The coming together of music was now in its full flow, half way down the river. With artists performing far and wide expertly enhanced by the performance of Xabier / Diaz with Anfeiras de Saltire. Xabiers music came to life in the song ‘Primeiro’ (‘First’), appropriately their first song. This was music that reached right into life with 5 or 6 backing vocals who also all had the adufe percussion instrument in their arms – the adufe is a traditional instrument of Moorish origin.
Gaelic songstress Deirdre Graham talked us in with her Gaelic tones to her song ‘Air Fair an la’ her’ and her band played to the empty Royal Concert Hall in a very relaxed way. I felt a sense of simplicity, richness, with a strident feel for the old language that sang in the fresh songs. The musicians supported her, as she owned centre stage. She gave us four songs all in Gaelic, within a great variant and suggestion of the wide world of traditional Celtic music.

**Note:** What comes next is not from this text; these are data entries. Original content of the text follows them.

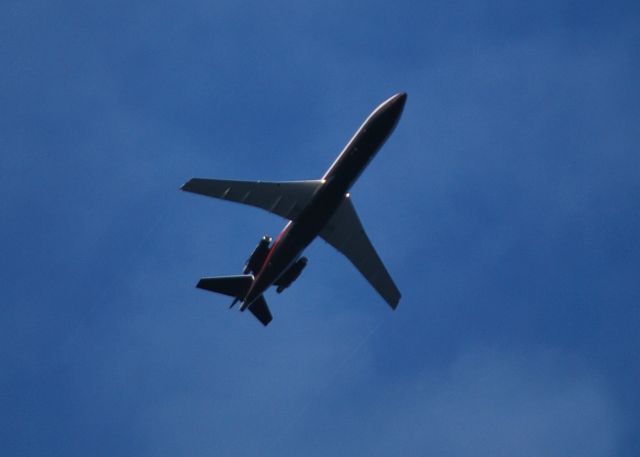 BOEING 727-200 (N727NK) - ROUSH AIR LLC crossing mid-field at KJQF on approach to runway 23 at KCLT - 6/1/14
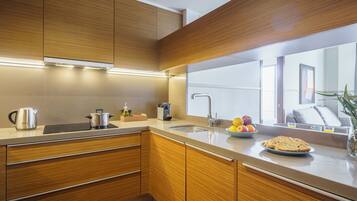 Apartament superior, 2 dormitoris, vistes a la ciutat | Cuina privada | Frigorífic gran, microones, forn i placa de cuina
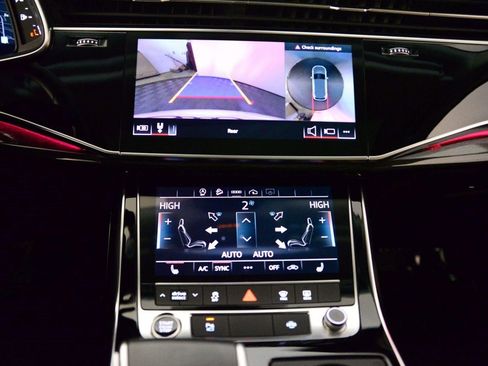 Used 2024 Audi Q7 3.0T Premium Plus AWD/4WD image 29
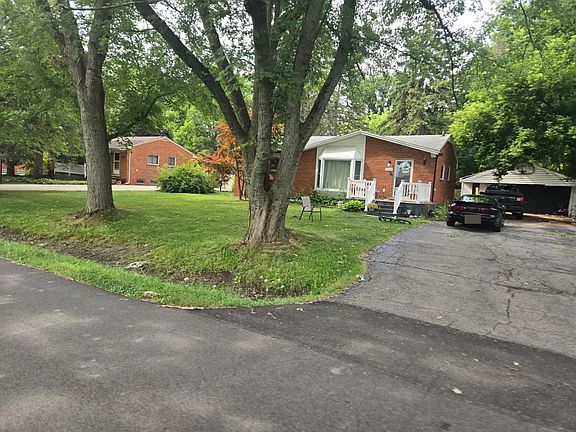 3rd image of 21452 Hampton St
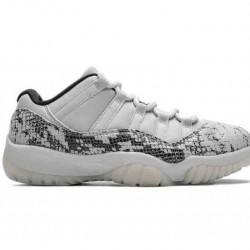 Air Jordan 11 Low "Light Bone" Grey Black CD6846-002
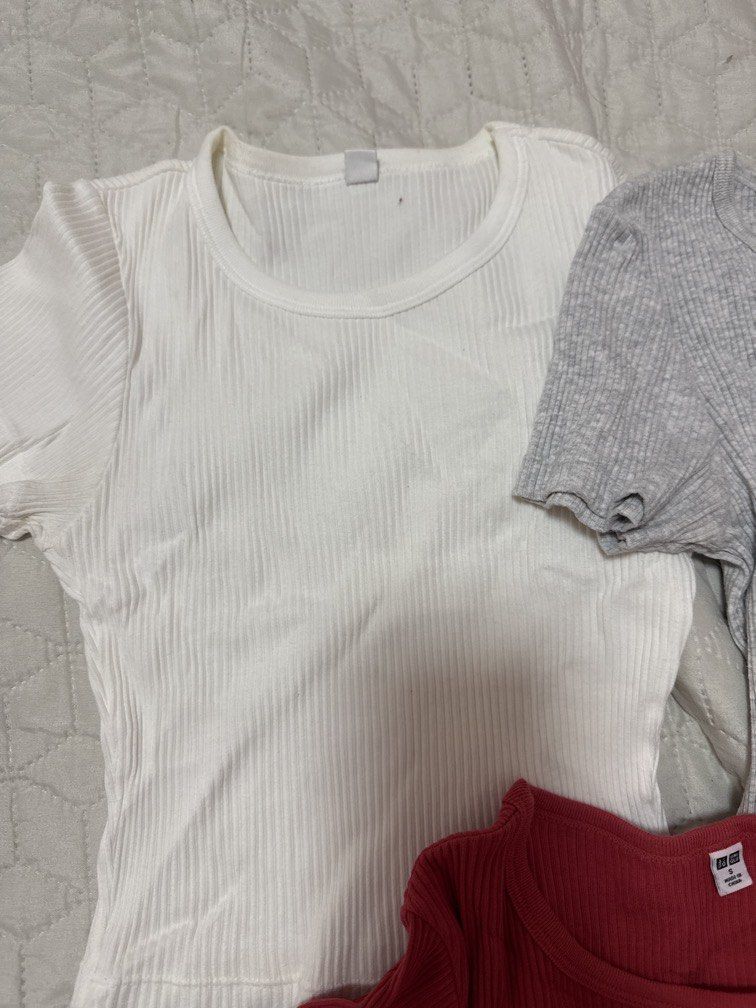 Uniglo small (Category: Blouses) located in Cabanatuan. Submitted by epicfish-db11 (Listing ID 1469836044, Image 1). Description: .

The title act called ’Blazing Fiddles’, also filmed at the Royal Concert hall, began with a set of three music pieces together named ‘The Shepherd and the Goat Herd’/’Anton McKinney’/’Double Rise’. With a violin directing a jig to come, exciting the room. The six musicians playing 4 violins, keyboard, guitar gradually joined into some great traditional dancing rhythms. Music that we cannot help but be held raised up with joy.
In their 5-tune set of non-lyrical music about just being back at the Connections, using stories from Scotland in the shape of landscapes looking like noses and heralding the famous Loch Ness monster. Set 2 called ’Strone Point/Anne Lacey’s’ was a chopped-up series of pieces, faster and slower. It was the universal side of music, that helps us engage ourselves in the grandeur of the occasion, changing mid tune to stride the pace further quickening to suit its feeling.
Their song ‘Call her Mum’ was a slower piece of light fiddle and accordion then piano then guitar. Bringing a full melody, in smart dress of black and dark red. It was like a lullaby to be superseded by a great sailing piece called dramatically ‘Vladimir’s Steamboat/Young Alumnus/Tunder Jukebox’, a lively experience involving all six performers.
Their last set was called ‘Annie’s Waltz/John McDonald of Coll view/Annie Grace Henderson/Picnic in the Sky’ had them set to take flight with smiles and a little jigging. It’s slight and measured sadnesswas one of peace and warmth as again each instrument joined the tunes in the layered traditional build-up of the music. Using faster and slower paces to express themselves and play well together.
We were left with a picnic in the sky, where we have the greatest food. Not to be missed, this year’s Connections travels on.